It’s safe to say any FBS athletic department cutting sports these days would face a legal challenge. Part of that $20.5 million will be used to sustain minor sports. Most athletic departments are distributing that total this way: 75% to football, 15% to men’s basketball, 5% to women’s basketball and 5% to minor sports.
College athletics is watching. Stanford has one of the most broad-based athletic departments in the country. The athletic experience is genuinely considered part of the educational experience.
Stanford alone had 59 Olympians in last year’s Paris Summer Games. One of Luck’s former teammates, Eric Shoji, won a bronze medal in men’s volleyball.
“I think alumni, fans, sort of the community writ large felt like we’d lost a little of that [momentum in football],” Luck said.
“Part of what makes me optimistic is that I know that this place’s ethos — not just Stanford but Silicon Valley, the West Coast — [is] let’s make the problem bigger and let’s go attack it,” he added. “I really, deep in my bones, know that we can carve out relevant space.”
The portal has opened up [from Stanford’s standpoint] to welcome 12 new players. That’s the most at the school since before NIL debuted in 2021. Shaw had pointed out that, in the portal era, he had difficulty bringing transfers in because of Stanford’s high academic standards.
Here is a look at some of those admission requirements.
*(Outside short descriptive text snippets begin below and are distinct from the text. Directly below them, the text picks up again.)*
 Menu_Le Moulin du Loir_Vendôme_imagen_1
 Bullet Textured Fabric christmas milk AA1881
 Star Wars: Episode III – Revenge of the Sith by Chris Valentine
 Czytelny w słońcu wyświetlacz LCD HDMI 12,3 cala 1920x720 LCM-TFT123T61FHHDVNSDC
“We have an incredibly rigorous admissions process,” Luck said. “We expect our guys to apply to school. That will never change. I’m not sure anybody else is doing that. Not only that they have to have the chops to get in and succeed and add value to this intellectual community … I wouldn’t take this job if I thought we were handing free spots out.”
Stanford is increasingly an outlier in trying to find that meaningful mix of athletics and academics. The NCAA has all but abdicated oversight of the academic side.
It’s not the first time Luck has had to explain himself after a career move. When he retired in 2019 after seven NFL seasons, Luck cited the physical wear and tear. That decision is to be admired. He is only 35 now, still able to volunteer coach high school football, be a family man and attempt to save a football program.
“I did have an epiphany … there was a point after retirement,” Luck said. “I thought, ‘My God, I have two-thirds of my life left hopefully. Maybe three-quarters. I’m not going to let myself get stuck in the past.”